Article by Pedro Nicolaci da Costa in Forbes

An unusually blunt warning about the massive market in leveraged loans from a normally-circumspect International Monetary Fund should give investors pause at a time of rising concern about global financial stability.

Fund economists Tobias Adrian, Fabio Natalucci and Thomas Piontek have published a new blog post highlighting some fairly alarming trends.

"We warned in the most recent Global Financial Stability Report that speculative excesses in some financial markets may be approaching a threatening level. 

For evidence, look no further than the $1.3 trillion global market for so-called leverage loans, which has some analysts and academics sounding the alarm on a dangerous deterioration in lending standards. They have a point.

"This growing segment of the financial world involves loans, usually arranged by a syndicate of banks, to companies that are heavily indebted or have weak credit ratings. These loans are called 'leveraged' because the ratio of the borrower’s debt to assets or earnings significantly exceeds industry norms." 

Adrian, a former New York Fed economist and now Director of the Monetary and Capital Markets Department, alluded to some of these risks during a presentation at the CATO Institute’s 36th Annual Monetary Conference held last Thursday in Washington.

"With interest rates extremely low for years and with ample money flowing though the financial system, yield-hungry investors are tolerating ever-higher levels of risk and betting on financial instruments that, in less speculative times, they might sensibly shun," Adrian and his colleagues write.

"Speculative-grade companies have been eager to load up on cheap debt. Globally, new issuance of leveraged loans hit a record $788 billion in 2017, surpassing the pre-crisis high of $762 billion in 2007. The United States was by far the largest market last year, accounting for $564 billion of new loans.

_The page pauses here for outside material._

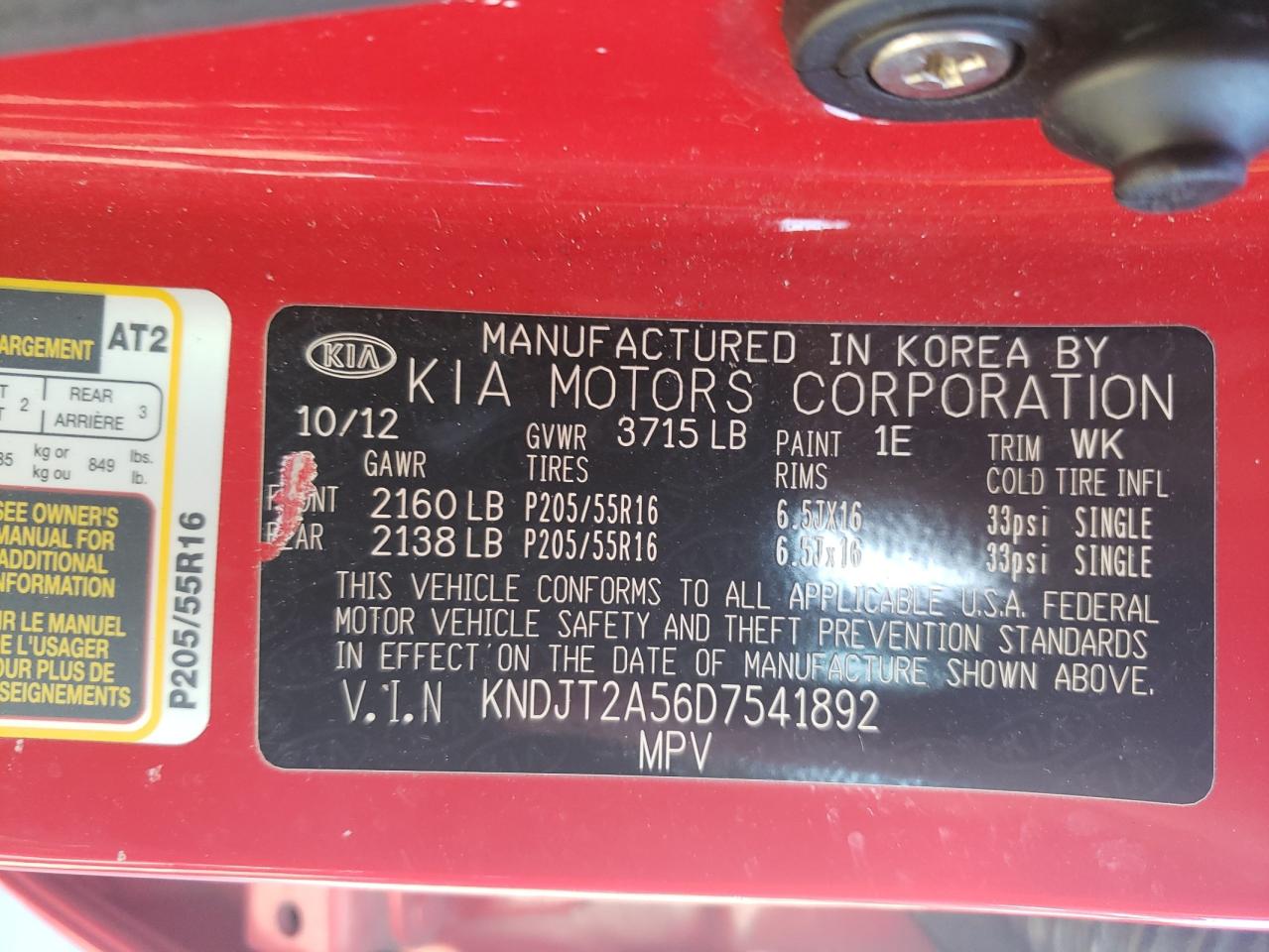 2013 Kia Soul Red vin: KNDJT2A56D7541892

It’s not just the market’s size and scope but also its increasingly loose underwriting standards, reminiscent of the mortgage market before the 2008 crash. "It is not only the sheer volume of debt that is causing concern. Underwriting standards and credit quality have deteriorated," the report said.

Another 2008-ish trend—the kind of "risk-spreading" and asset resale that ended in tears last time around.

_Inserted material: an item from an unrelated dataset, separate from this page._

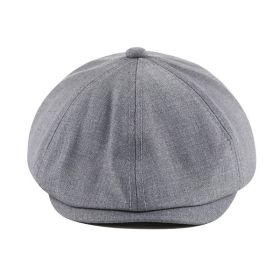 Solid Color Retro Beret Men And Women Spring, Autumn And Winter (Option: Light Gray-56CM)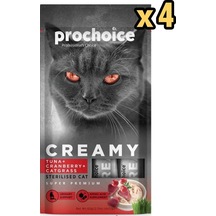 Pro Choice Creamy Ton Balıklı Kızılcıklı ve Kedi Otlu Sıvı Kedi Ödül Maması 4'lü 4 x 15 G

"A significant shift in the investor base is another reason for worry.

“Institutions now hold about $1.1 trillion of leveraged loans in the United States, almost double the pre-crisis level. That compares with $1.2 trillion in high yield, or junk bonds, outstanding. Such institutions include loan mutual funds, insurance companies, pension funds, and collateralized loan obligations (CLOs), which package loans and then resell them to still other investors. CLOs buy more than half of overall leveraged loan issuance in the United States."

The sobering conclusion: “Having learned a painful lesson a decade ago about unforeseen threats to the financial system, policymakers should not overlook another potential threat.”

It sounds nice in theory. However, Federal Reserve officials have few tools—and have sought any new ones—does grapple with potential risks in the so-called shadow-banking system, which operates outside the part of the financial system it regulates. This gap may yet prove the gateway to the next financial crisis.